Plaidoyer pour une culture du remboursement et un fonds de garantie
Portant la voix des professionnels, Félix NJOUME, président de l’Association centrafricaine des établissements de crédit, a plaidé pour une stratégie plus rigoureuse de réduction du risque de crédit. Il a notamment insisté sur la sensibilisation des clients à la culture du remboursement et proposé la création d’un fonds de garantie régional. Ce mécanisme, selon lui, permettrait de réduire l’aversion au risque des banques vis-à-vis des PME tout en diversifiant les actifs bancaires.
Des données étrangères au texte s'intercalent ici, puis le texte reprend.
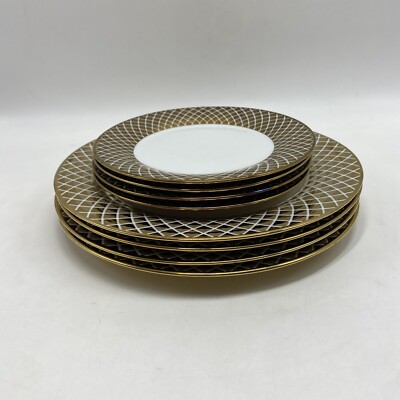 Ciroa Luxe n Metallic Accents Lattice Pattern (4) Salad (4) Dinner Plates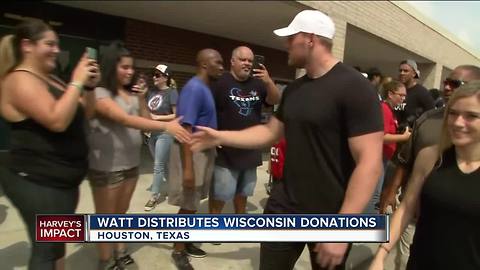 J.J. Watt distributes Hurricane Harvey Donations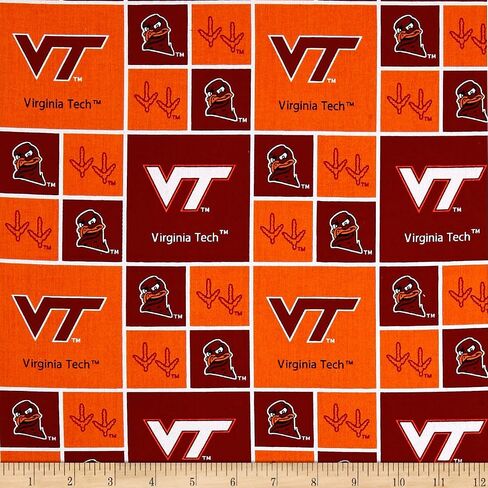 NCAA Virginia Tech Hokies Box Logos Allover, Fabric by the Yard in Saudi Arabia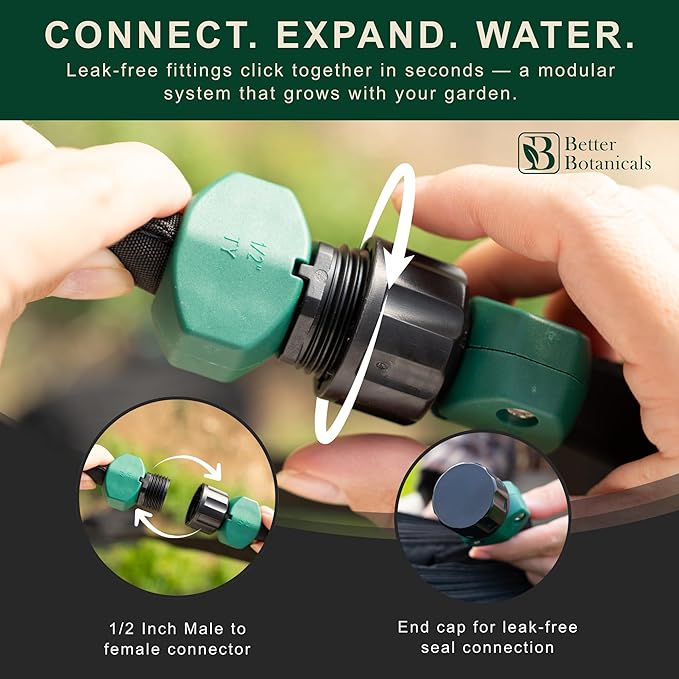 100 FT Flat Soaker Hose (2 × 50 FT) – Connectable Drip Irrigation Soaker Hose for Garden Beds Trees &amp Landscaping – Includes Stakes &amp Storage Straps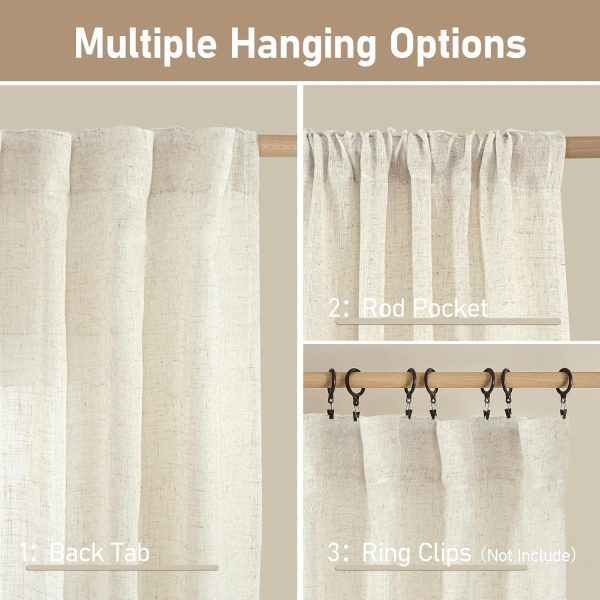 Natural Ivory Semi Sheer Linen Curtains 84 inch Long, Cream White Light Filtering Living Room Panels Back Tab and Rod Pocket Neutral Drapes for Bedroom/Farmhouse, 2 Panels, 52 x 84 Inch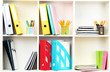 White office shelves with different stationery, close up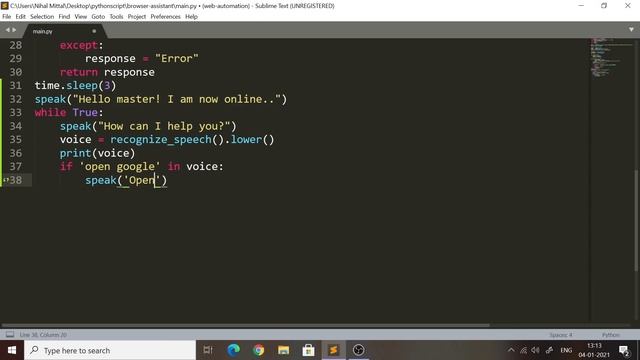 Web Automation In Python To Control Browser Using VOICE смотреть онлайн
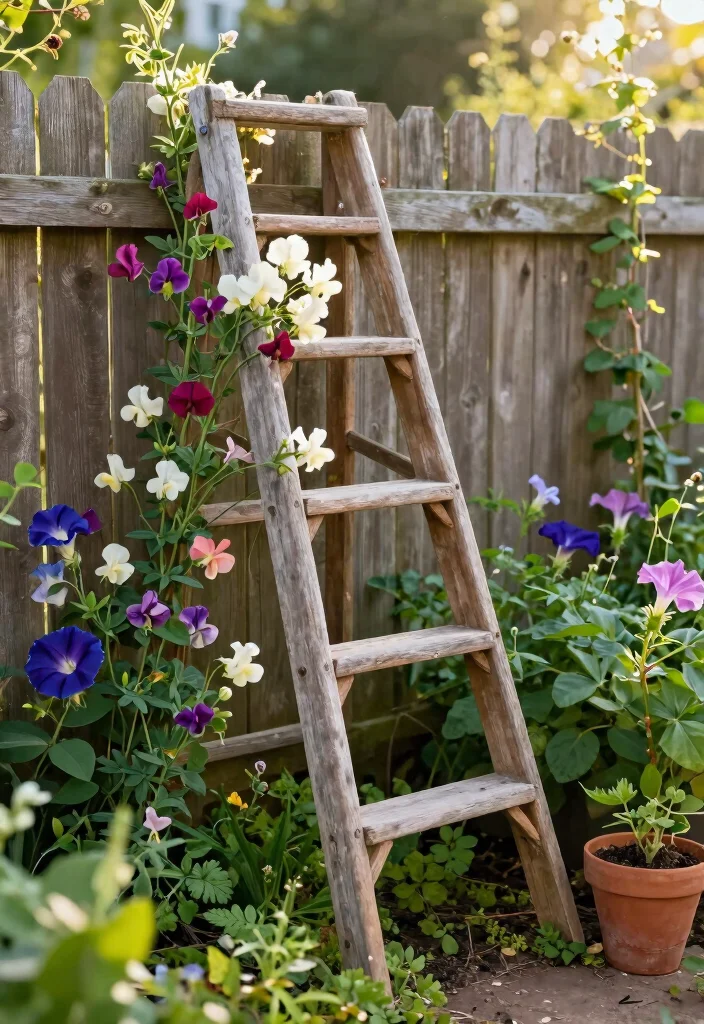 15 DIY Garden Trellis Ideas Anyone Can Build on a Budget - 1. Classic Wooden Ladder Trellis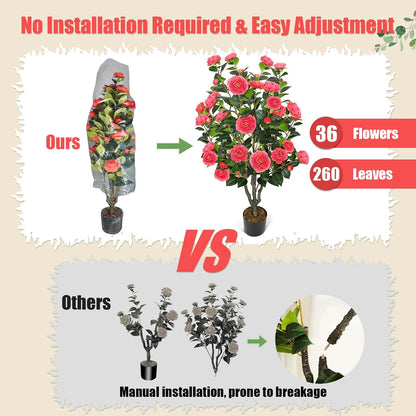 2 Pack 42" Artificial Camellia Tree with 36 Blooming Flowers Faux Floral Trees Tall Plastic Potted Fake Plant for Indoor Outdoor Office Shop Home Room Porch Front Door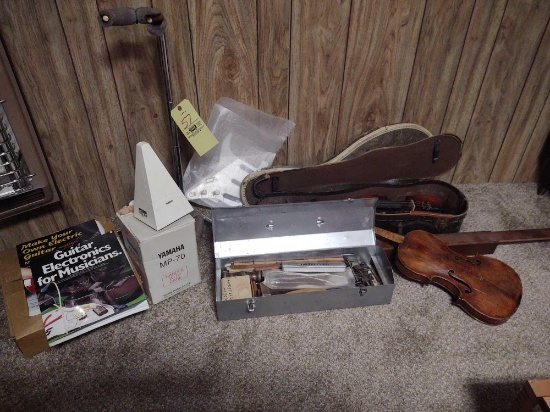 Fiddle, Fiddle Parts, Tools, Guitar Stand and Books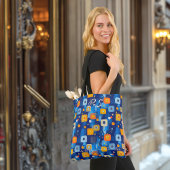 Abstraktes geometrisches Muster in Blau und Orange Tasche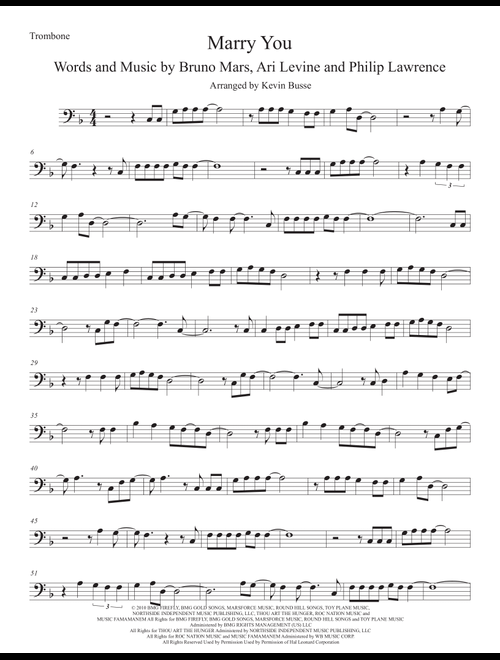 Marry You (Arr. Kevin Busse) - Bruno Mars (Trombone Solo)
Lutte contre le blanchiment : vers un cadre renforcé
La question de la conformité n’a pas été oubliée. Emery TCHOUSSI BAH, représentant du Secrétariat Général de la COBAC, a présenté les innovations du nouveau dispositif réglementaire en matière de lutte contre le blanchiment de capitaux et le financement du terrorisme (LBC/FTP). Ce cadre modernisé repose sur des lignes directrices plus rigoureuses et un partenariat accru avec les Agences Nationales d’Investigation Financière (ANIF), avec un accent mis sur le partage d’informations tout en renforçant les garanties de confidentialité.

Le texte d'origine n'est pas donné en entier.